Records from a data collection:
▼▼▼

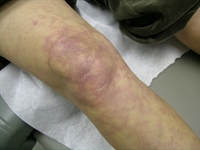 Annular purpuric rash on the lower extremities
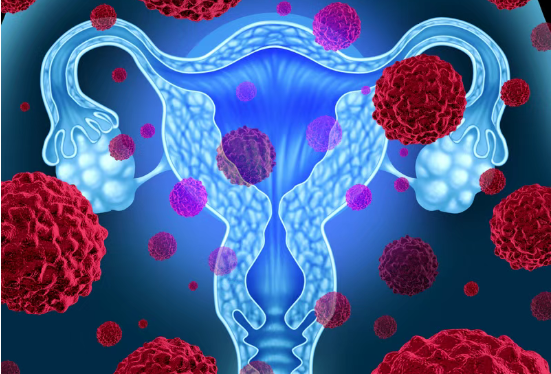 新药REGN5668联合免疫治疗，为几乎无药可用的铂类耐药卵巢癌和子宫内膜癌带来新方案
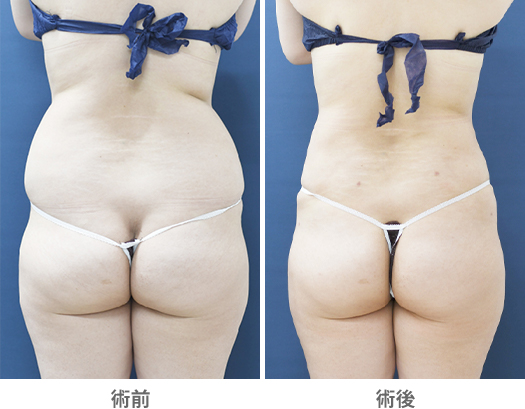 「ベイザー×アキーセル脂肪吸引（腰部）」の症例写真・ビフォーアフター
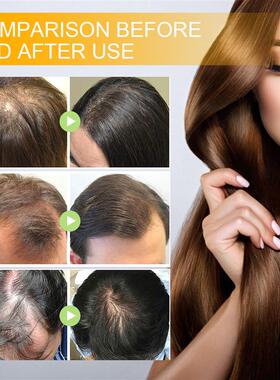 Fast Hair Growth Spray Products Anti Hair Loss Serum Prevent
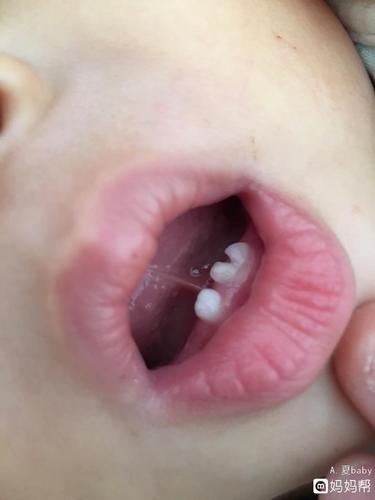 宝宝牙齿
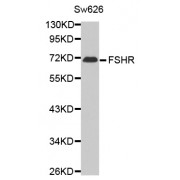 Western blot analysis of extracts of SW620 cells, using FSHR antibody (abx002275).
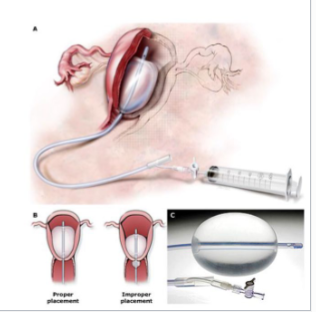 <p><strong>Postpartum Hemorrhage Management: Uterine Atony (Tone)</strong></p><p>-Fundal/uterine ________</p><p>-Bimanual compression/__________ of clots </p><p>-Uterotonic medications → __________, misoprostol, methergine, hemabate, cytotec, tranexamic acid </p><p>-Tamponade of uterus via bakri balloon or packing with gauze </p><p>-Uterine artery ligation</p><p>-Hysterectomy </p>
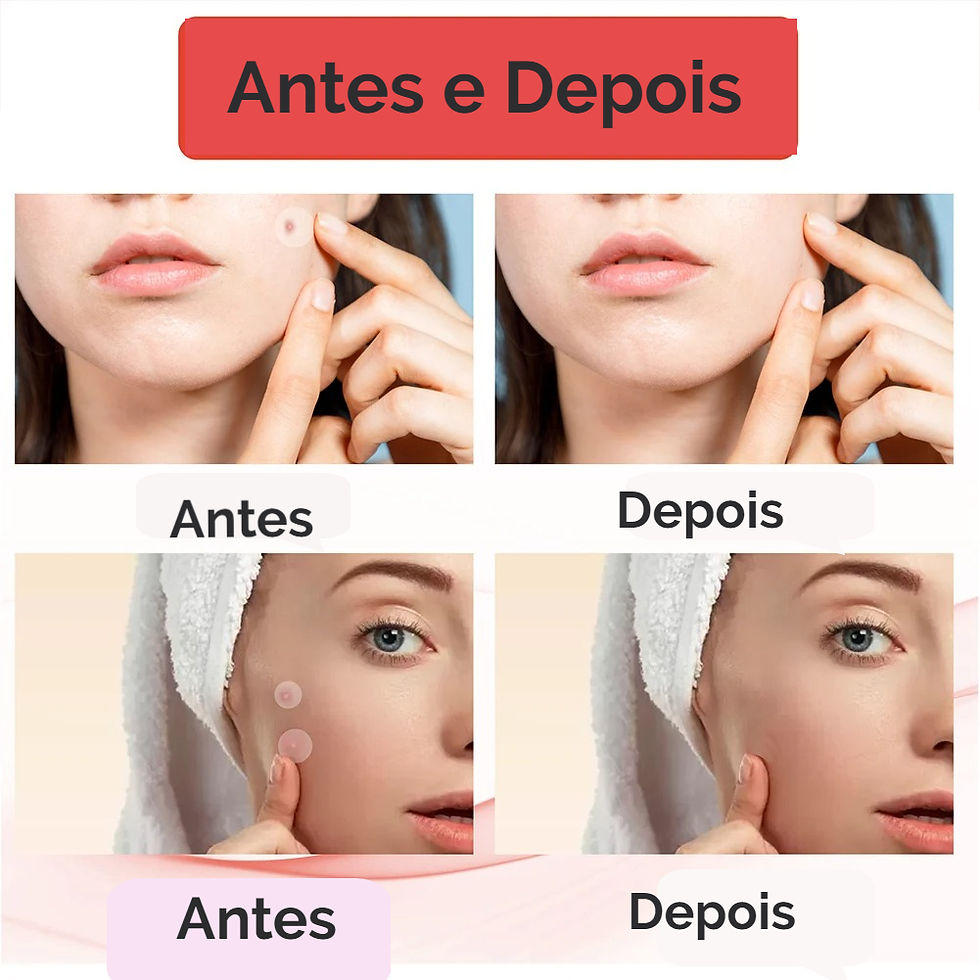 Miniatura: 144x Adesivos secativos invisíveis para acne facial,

▲▲▲

== The task ==
Repeat exactly the lines above, beginning at the one containing "新药REGN5668联合免疫" and ending at the one containing "Western blot analysis". Do not carry over any pictures.

== Response ==
 新药REGN5668联合免疫治疗，为几乎无药可用的铂类耐药卵巢癌和子宫内膜癌带来新方案
 「ベイザー×アキーセル脂肪吸引（腰部）」の症例写真・ビフォーアフター
 Fast Hair Growth Spray Products Anti Hair Loss Serum Prevent
 宝宝牙齿
 Western blot analysis of extracts of SW620 cells, using FSHR antibody (abx002275).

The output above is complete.